Cag explained what a tight-knit family the Harrys were. “The only Christmas she wasn’t here was the time she was on tour in Australia [1977]. She was so depressed, and I was so depressed. She said, ‘I’ll never be away for Christmas again.’ Debbie’s a wonderful daughter.”
Had Debbie been much of a hit with the boys? “Are you kidding?” Cag erupted, going on to relate the story of how her adopted daughter was approached to enter the high school beauty pageant. “She didn’t particularly want to go in; they called her in … She was always beautiful. When she was a baby, my friends used to tell me I should send her picture in to [baby food manufacturer] Gerber’s, because she would be picked as one of the Gerber Babies. But I didn’t send it in. I didn’t believe in her being exploited.”
“My mother was offered a contract for me to become a Gerber Baby, but my mother told me there was no way. She wouldn’t be a showbiz momma. So maybe that’s why it took me so long to get my music together,” confirmed Debbie, touching upon the trait that led to her becoming a creative late bloomer.
“She is shy,” continued Cag. “When she’s not performing – and you must know this – she’s quiet, with a very pixie sense of humour. She’s not real outgoing or loud. She’s sort of retiring … very family-oriented … She’s the one that got homesick at camp.”
Deborah Ann Harry was born Angela Tremble in Miami, Florida on July 1, 1945. She was adopted at the age of three months by Catherine and her husband Richard, who worked as a salesman of woven clothing labels in Manhattan’s fashion district. (“He was very casual about it,” Debbie would remember. “He always said that if people want something they’re going to buy it.”) The family lived in the quintessential small town of Hawthorne, New Jersey, described by Debbie as “a typical suburban commuter kind of town”.

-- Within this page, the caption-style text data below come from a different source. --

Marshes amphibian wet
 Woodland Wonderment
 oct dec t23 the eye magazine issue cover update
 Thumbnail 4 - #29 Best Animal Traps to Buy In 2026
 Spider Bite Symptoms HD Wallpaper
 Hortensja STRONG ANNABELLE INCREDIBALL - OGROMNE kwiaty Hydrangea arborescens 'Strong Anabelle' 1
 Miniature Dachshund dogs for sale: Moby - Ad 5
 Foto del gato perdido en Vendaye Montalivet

Debbie appears to have been an insecure, solitary child, unhappy with the way she was dressed down by a mother who “didn’t contemplate a future for me other than marriage”. To a degree, this emphasis on conformity sprang from the teachings of the Episcopalian faith, to which the family subscribed. Although this ascetic strain of Protestant Christianity was subsequently abandoned by Debbie (who dismissed it as simply comprising “no incense, no confession” and “good hymns”), she also recognised that it laid the foundation of a broader interest in spirituality. “It teaches you to be real pragmatic. Then you start to wonder about God. Then you just leave the church. A lot of Protestants don’t go to church. But it’s very social, very community supportive. But I think that G-O-D is like the answer to a formula for creating life. Or some kind of energy or anti-gravity. It’s like the answer to an equation and it’s become mythical over the years. But at one time we all knew what it was. I don’t know when it was exactly, but that was the ancient knowledge. It’s become diffused as it was handed down and turned into myth.”

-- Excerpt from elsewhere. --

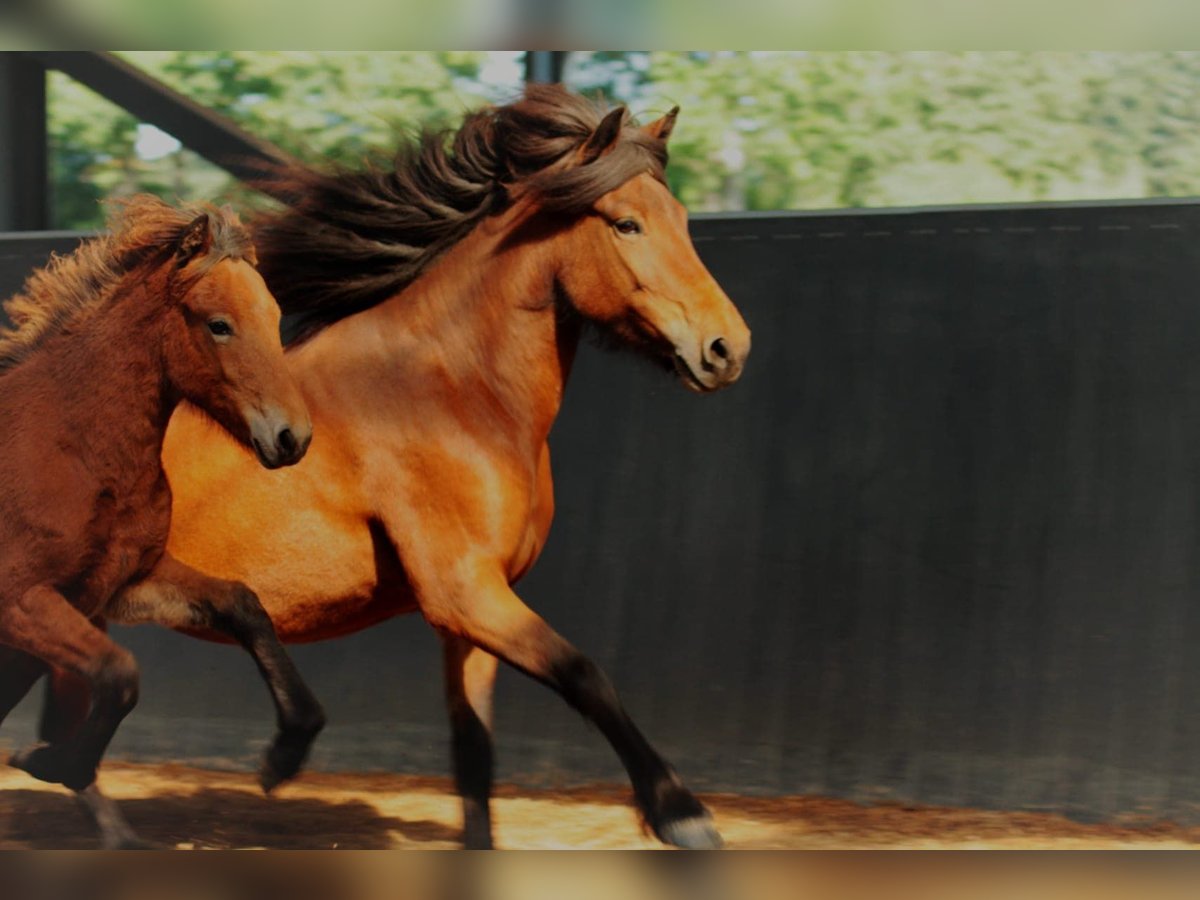 Pony Islandese Giumenta Puledri (03/2025) 145 cm Baio in Seedorf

While Debbie’s insecurities may have stemmed from her adoption, the Harry household (which also included a younger sister, Martha, and a cousin, Bill, who lived with the family) was evidently warm and loving. Although Catherine and Richard were strict, they imposed boundaries on their children in a caring manner.

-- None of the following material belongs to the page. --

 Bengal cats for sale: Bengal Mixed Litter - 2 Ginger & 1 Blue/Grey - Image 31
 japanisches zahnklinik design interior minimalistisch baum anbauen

When Debbie was four years old, her parents broached the idea that she was adopted in the gentlest way possible. “They framed it in a bedtime story about [a child] being chosen,” she later revealed. “And then said, ‘And that’s how we got you.’”
Kids are highly adaptive creatures, and this was certainly true of Debbie. “To me they were just my mum and dad and I was very happy that way.” Looking back, she clearly appreciates the pivotal roles that Catherine and Richard played in her development. “The turning point in my life was being adopted and moving to New Jersey. If not I might have stayed in Florida and who knows what could have happened. Maybe I would have worked at Disneyland.”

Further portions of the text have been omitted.